• _TASK INSTRUCTIONS_: Print out the data exactly, keeping every image out of it.

• _Captioned web images_:
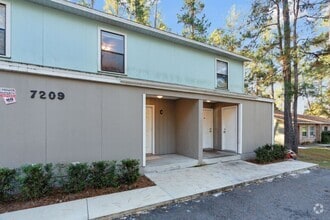 Building Photo - 7209 SW 45th Pl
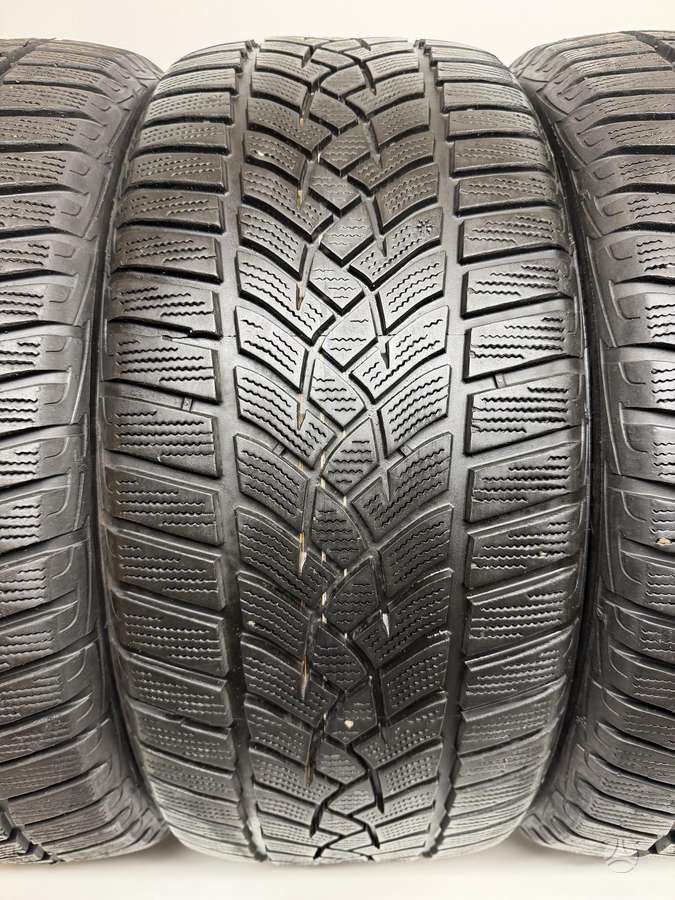 Goodyear UltraGrip Perfomance, winter 235/45 R18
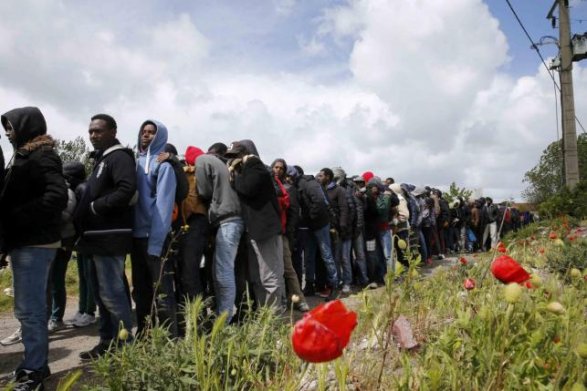 Мигранты в Венгрии оказались в контроле двух границ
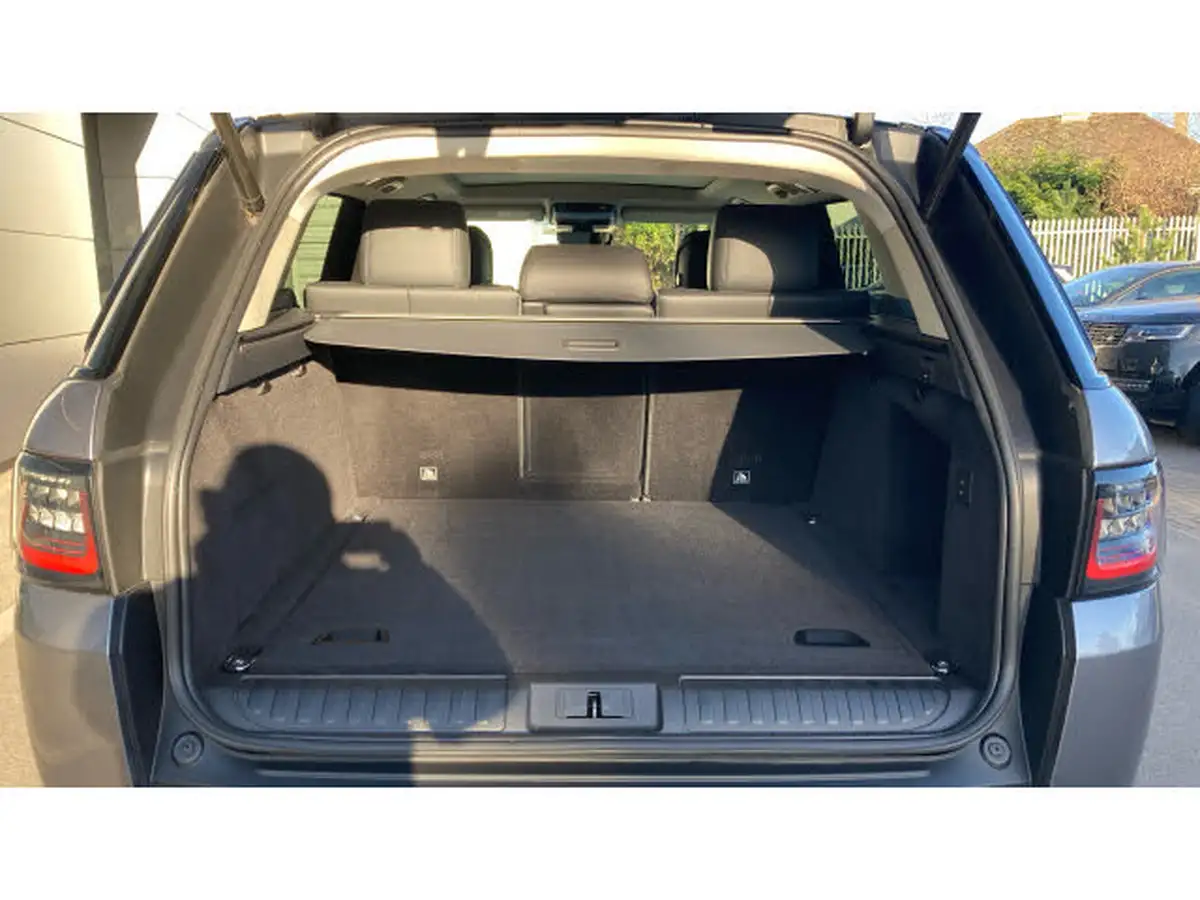 2021-land-rover-range-rover-sport-30-d300-hse-silver-big-9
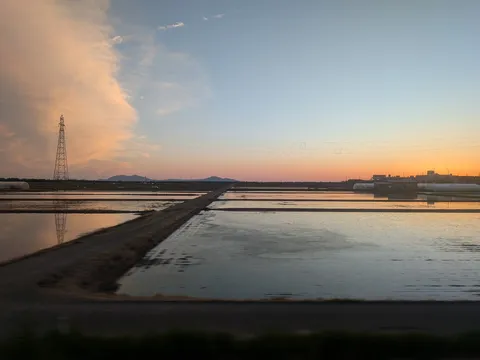 水田に映る空と電塔の静寂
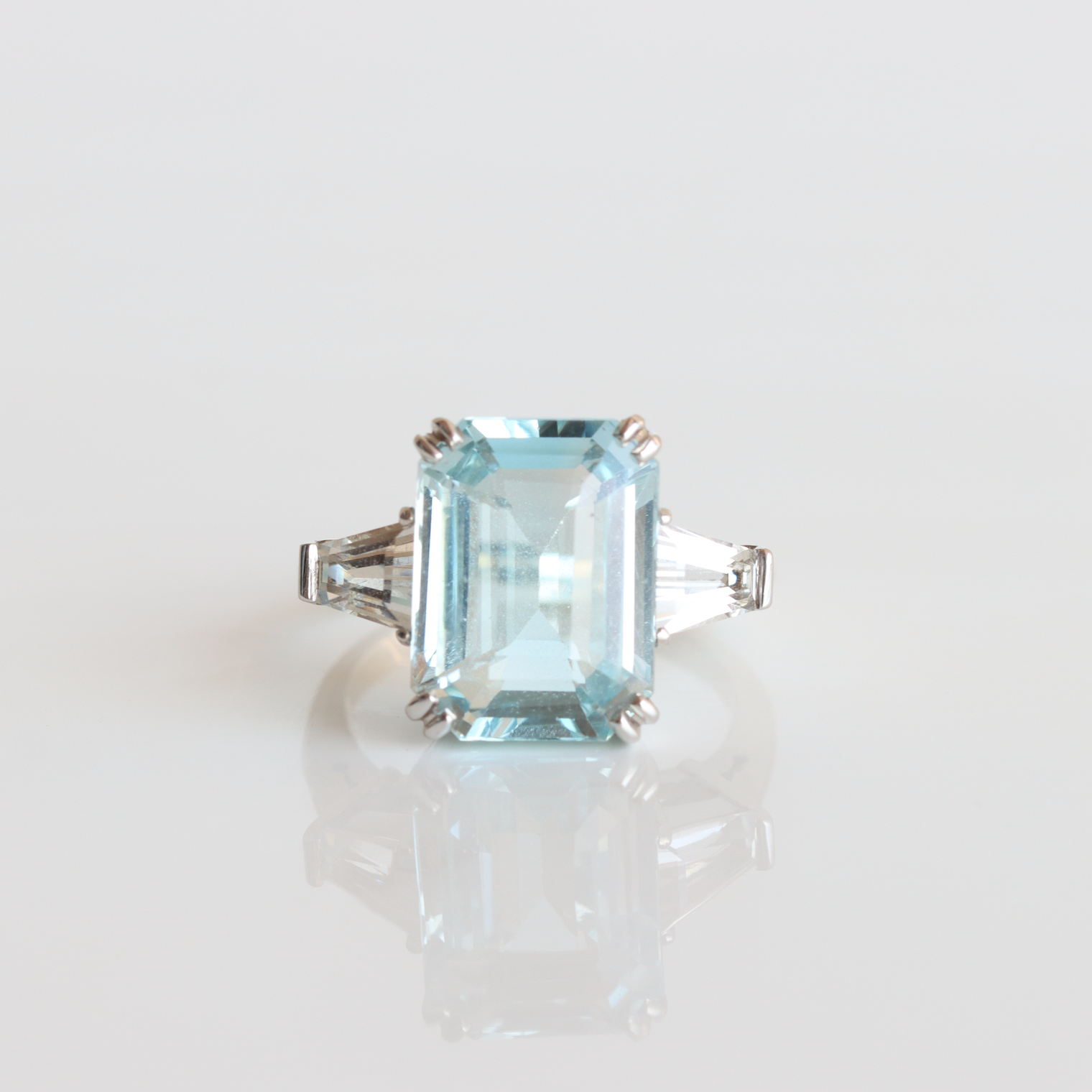 Cocktailring with emeraldcut light blue topaz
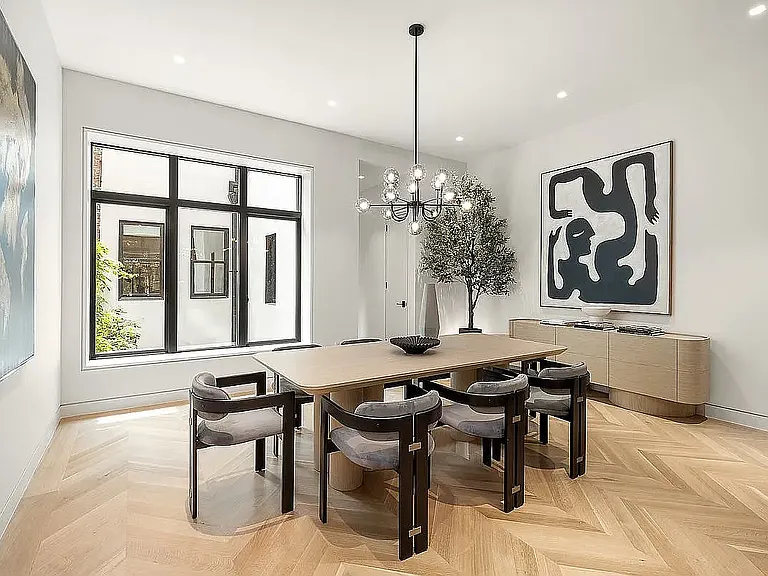 250 W 73rd St #1 — Photo 7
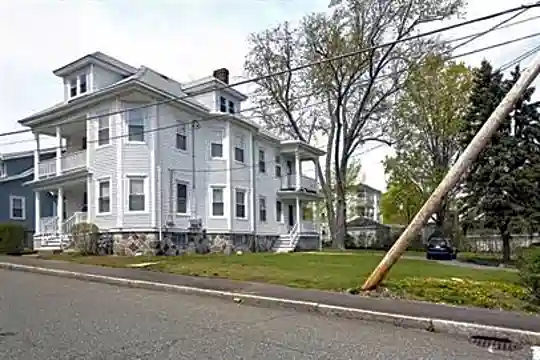 177 W Harvard St Photo 2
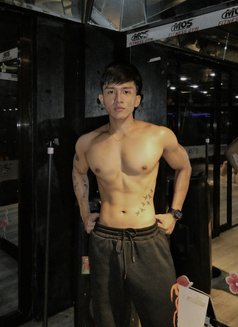 Runchu Young - Male escort in Singapore Photo 17 of 17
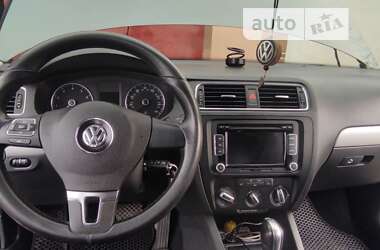Седан Volkswagen Jetta 2013 в Оржице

• _RESPONSE_:
 Building Photo - 7209 SW 45th Pl
 Goodyear UltraGrip Perfomance, winter 235/45 R18
 Мигранты в Венгрии оказались в контроле двух границ
 2021-land-rover-range-rover-sport-30-d300-hse-silver-big-9
 水田に映る空と電塔の静寂
 Cocktailring with emeraldcut light blue topaz
 250 W 73rd St #1 — Photo 7
 177 W Harvard St Photo 2
 Runchu Young - Male escort in Singapore Photo 17 of 17
Седан Volkswagen Jetta 2013 в Оржице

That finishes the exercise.